College Park
Converts Attest To God’s Grace At Work In Sacraments
By SUZANE HAUGH, Special To The Bulletin | Published June 21, 2012
The Eucharistic Congress brings together a multitude of people. One slice of the population attending the congress includes converts to the Catholic faith.
“It has everything,” said Dr. Laurie Johnson, a psychologist from Cartersville, about the Catholic faith.
Johnson had a closed mind to Catholicism until she and her husband became tired of divisions that seemed to plague the Christian churches they had attended.
“We tried them all,” but they steered clear of the Catholic Church.
“Once we drove past a Catholic church and looked at each other and said, ‘It will not be that one,’” she recalled with a smile.
After study and searching they came around to what God’s “original design” was for his church.
“First it was a horror story, then a mystery and then a love story,” she said, alluding to the description of the conversion process given by another well-known married couple now Catholic—Scott and Kimberly Hahn.
God was “very merciful,” Johnson said.
“He brought my husband and me to the Catholic Church on the same timetable. It was an amazing journey.”
While she relies on her education and years of experience in the mental health field to serve clients, “God is bigger.”
And his power comes through in concrete ways via the sacraments, she affirmed.
She highlighted the power that the sacrament of reconciliation has to achieve and to continue a sense of wellbeing.
“I have faith in the mental health (profession), but nothing comes close or near to confession,” she said.
It is a powerful tool for finding “new life.”
“If a problem crops up, you can go to reconciliation … before it becomes an addiction. You can handle heartache, find peace, and it has the power to repair and stop bad habits.”
Johnson attended the congress with her daughter, O’Keefe, who had spent the day in the teen track soaking in the music, the opportunity for confession and Mass.

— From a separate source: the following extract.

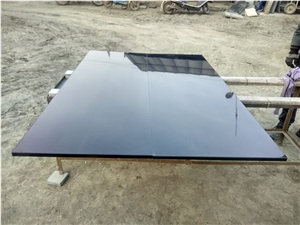 China Absolute Black Countertop Factory Price, Black Granite Countertop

“It was incredible,” O’Keefe said.
She is excited for the opportunity she will have to lead others to Christ through the Search retreat for teens, where she remembers her own powerful experience with Eucharistic adoration.
For Johnson, the congress is an event not to be missed. “I come back to get a tune up—to clean up through confession and fill up with Mass.”
She says it’s also about experiencing community. “I come to be with the global family. I wouldn’t miss it for the world.”
Jesse Travis grew up in a different faith tradition as well. For three years his work took him to Mexico with its typical town squares and large churches.
“It allowed me to take a look at the Catholic side,” he said. “I saw the humility of the people and sensed that there was something bigger there.”
He then spent many years in China, returning from one stint overseas in need of visiting a church on a particular day. All of the doors to the churches he visited were locked, except for that of the Catholic Church.
“God’s presence was truly there and I couldn’t shake it,” Travis said.
“It was a long, hard road—the whole reconciliation process,” he recalled. “Now, my life has never been better.”
“God’s grace has allowed me to step through everything.”
This was his first Eucharistic Congress after converting to Catholicism three years ago. He attended both the Friday and Saturday events and reported his experiences back to his wife who was home recuperating from surgery. He spoke to her as he drove home Friday after the healing service and about the power of having “Christ right before you.”
Presently he is discerning “how to get involved at a deeper level,” and spoke of the Catholics Come Home ministry of Tom Peterson, who also came to the area from Arizona.
Travis has found his home in the “first church of Christ.”